Notably, the grid-scale segment led this surge, setting a new record with 5,109 MWh added during Q2, surpassing the previous record set in Q4 2021 by 5%. The grid-scale segment’s remarkable growth contributed to a staggering 172% quarter-over-quarter increase in the energy storage market. California played a pivotal role in this expansion, contributing 738 megawatts (MW) and claiming a 49% share of the installed capacity.
John Hensley, ACP’s VP of Research and Analytics, emphasized the growing reliance on energy storage to enhance grid reliability, forecasting a record-breaking year for the energy storage market despite supply chain constraints and interconnection delays.
Wood Mackenzie’s five-year forecast from 2023 to 2027 underscores the grid-scale segment’s continued dominance, accounting for 83% of total installations or 55 gigawatts (GW).
Vanessa Witte, a senior analyst at Wood Mackenzie, noted that the market rebounded significantly in Q2 after facing consecutive quarterly declines primarily due to supply chain challenges. However, not all projects in the projected pipeline materialized, with over 2 gigawatts (GW) pushed back.
In contrast, community, commercial, and industrial (CCI) installations saw a quarterly decline of 53%, with 107 MWh added, though they remained 25% higher year-over-year.
Residential storage, on the other hand, experienced its second consecutive quarterly decline, with 381.2 MWh added in Q2, slightly lower than Q1’s 388.2 MWh.

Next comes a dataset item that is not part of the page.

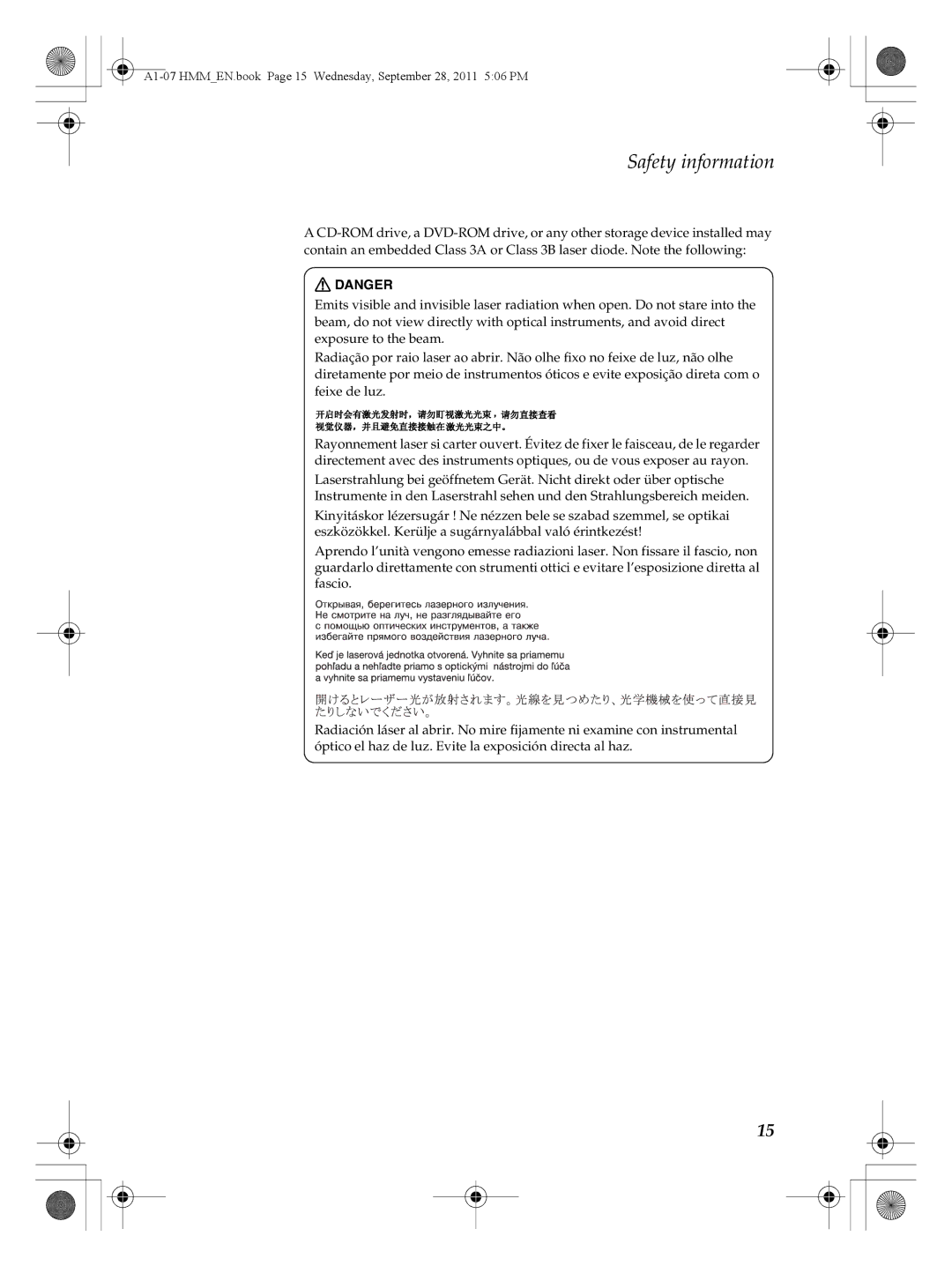 Lenovo A1-07 manual Safety information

California witnessed the most substantial decline, down 17% quarter-over-quarter and 37% year-over-year.
Despite these fluctuations, a positive outlook for residential storage remains, with a projected total of 8.0 GW in 2027. However, the CCI segment has faced challenges in meeting growth projections, leading to a 28% downgrade in its five-year growth forecast to 3 GW.